The first year class in the J.D. Program is admitted only for fall semester entry; there is no January admission. Brooklyn Law School practices a modified form of rolling admissions. This means that we generally begin to receive applications in October and start to review files as soon as they are completed. Beginning in February and continuing through the spring and early summer, our Admissions Office gives notification of acceptance, wait-listing, or denial, as decisions are made. Many places in the new entering class are filled by qualified early applicants. Individuals filing an application after February 1 will find admission possible but more competitive than earlier in the application year.
Applicants who clearly meet the School's admission standards are accepted for admission. Applicants who clearly do not meet these standards are denied admission.
However, because of the rolling procedure, the Admissions Committee is reluctant to make final decisions on a number of candidates – individuals whose credentials place them between those who are clearly acceptable and those who are clearly not acceptable – until it has a broader overview of most applications. Consequently, some applicants are neither admitted nor denied following their first review but are notified either that they have been wait-listed – in the case of the highest-ranking applicants in the middle group – until later in the processing year. Neither of these decisions is a denial and they should not be construed as such.
In the past, our use of the Waiting List has varied from the extension of admission offers to many candidates on the list, to the extension of no such offers in years of over-enrollment. Admission offers could be forthcoming at any time during the spring or summer. Each week, beginning in early April and continuing into August, the Admissions Committee analyzes the quantity and quality of admission offers extended and the seat deposits yielded from those offers. Through this assessment, the Committee makes a fall enrollment forecast.
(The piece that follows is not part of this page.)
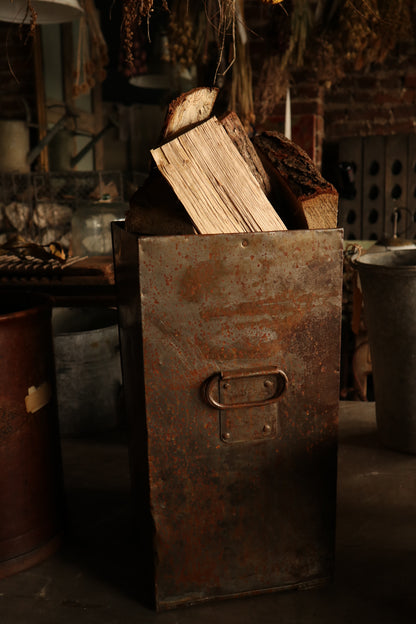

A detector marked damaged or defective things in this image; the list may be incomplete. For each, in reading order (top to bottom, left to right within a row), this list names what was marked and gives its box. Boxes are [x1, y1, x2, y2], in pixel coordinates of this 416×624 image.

rusty metal barrel [0, 292, 64, 580]
rusty metal bin [0, 292, 64, 580]
rusty metal bin [112, 224, 342, 608]
rusty metal barrel [356, 249, 416, 454]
If an enrollment shortfall of any kind is projected, the Committee may turn immediately to those candidates who are on the Waiting List, as well as to those whose decisions have been deferred, and offer admission to candidates who will help us achieve certain specific enrollment objectives, which are variable from week to week.
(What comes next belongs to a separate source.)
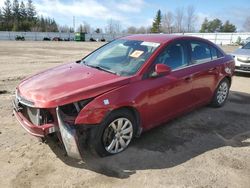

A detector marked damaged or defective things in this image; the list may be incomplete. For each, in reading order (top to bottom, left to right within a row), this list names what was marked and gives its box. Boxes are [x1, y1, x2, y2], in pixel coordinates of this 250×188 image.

detached front bumper [12, 99, 82, 159]
damaged front end [13, 90, 93, 159]
crumpled hood [17, 62, 130, 108]
damaged red car [12, 34, 234, 159]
Thus, wait-listed candidates as well as those whose decisions are on hold should continue to keep in touch with the Law School, to visit here, and to compare the information provided by our school to that received from other institutions. Of course, so much of the waiting list decision-making process is triggered by outside forces that there can be no guarantees. However, if experience over the past few years is any guide, as long as one has not received a notice of denial from the Law School, he or she remains an active candidate with some chance for admission.